Kondisi bangunan Hunian Sementara (Huntara) IV korban erupsi Gunung Lewotobi laki-laki di Desa Konga, Kecamatan Titehena, Kabupaten Flores Timur, Nusa Tenggara Timur (NTT), sangat memprihatinkan.
Disaksikan Kaddes.net Senin, 26 Januari 2026, pada setiap kopel yang diperuntukkan bagi penyintas asal Desa Nobo memiliki kerusakan beragam. Mulai dari komponen pintu, jendela, dinding kamar, dan atap.

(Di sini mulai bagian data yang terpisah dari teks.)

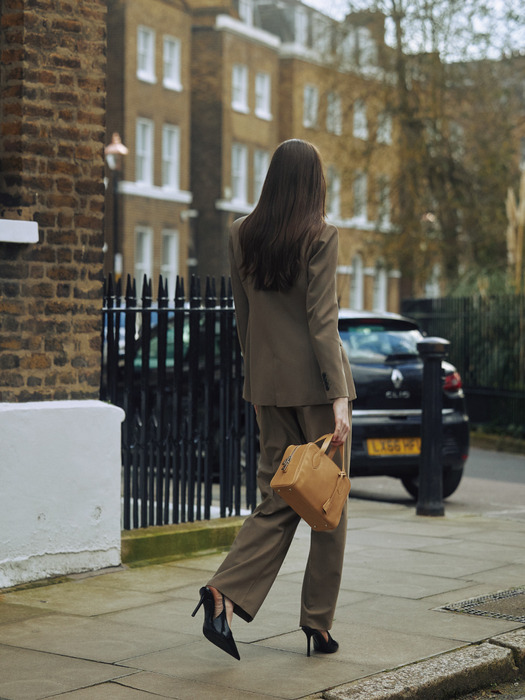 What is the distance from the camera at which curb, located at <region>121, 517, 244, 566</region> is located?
6484 mm

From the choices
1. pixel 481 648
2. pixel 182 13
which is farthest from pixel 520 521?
pixel 182 13

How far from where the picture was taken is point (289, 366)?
15.0 ft

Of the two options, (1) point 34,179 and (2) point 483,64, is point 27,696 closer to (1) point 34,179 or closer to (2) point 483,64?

Tak hanya itu, lima kopel pada lokasi Huntara IV tersebut terancam roboh akibat pergerakan tanah yang terkikis oleh air.
Maria Pusun Muda, warga Desa Nobo kepada media ini mengatakan kualitas bahan bangunan huntara IV sangat buruk ketimbang Huntara I dan II.
Maria mengatakan tripleks dan aluminium bangunan Huntara sangat tipis. Pintu, jendela, dan dinding terlepas akibat angina kencang yang terjadi pada penghujung tahun 2025. Dimana, kerusakan ini terjadi sebelum warga menempati kopel tersebut.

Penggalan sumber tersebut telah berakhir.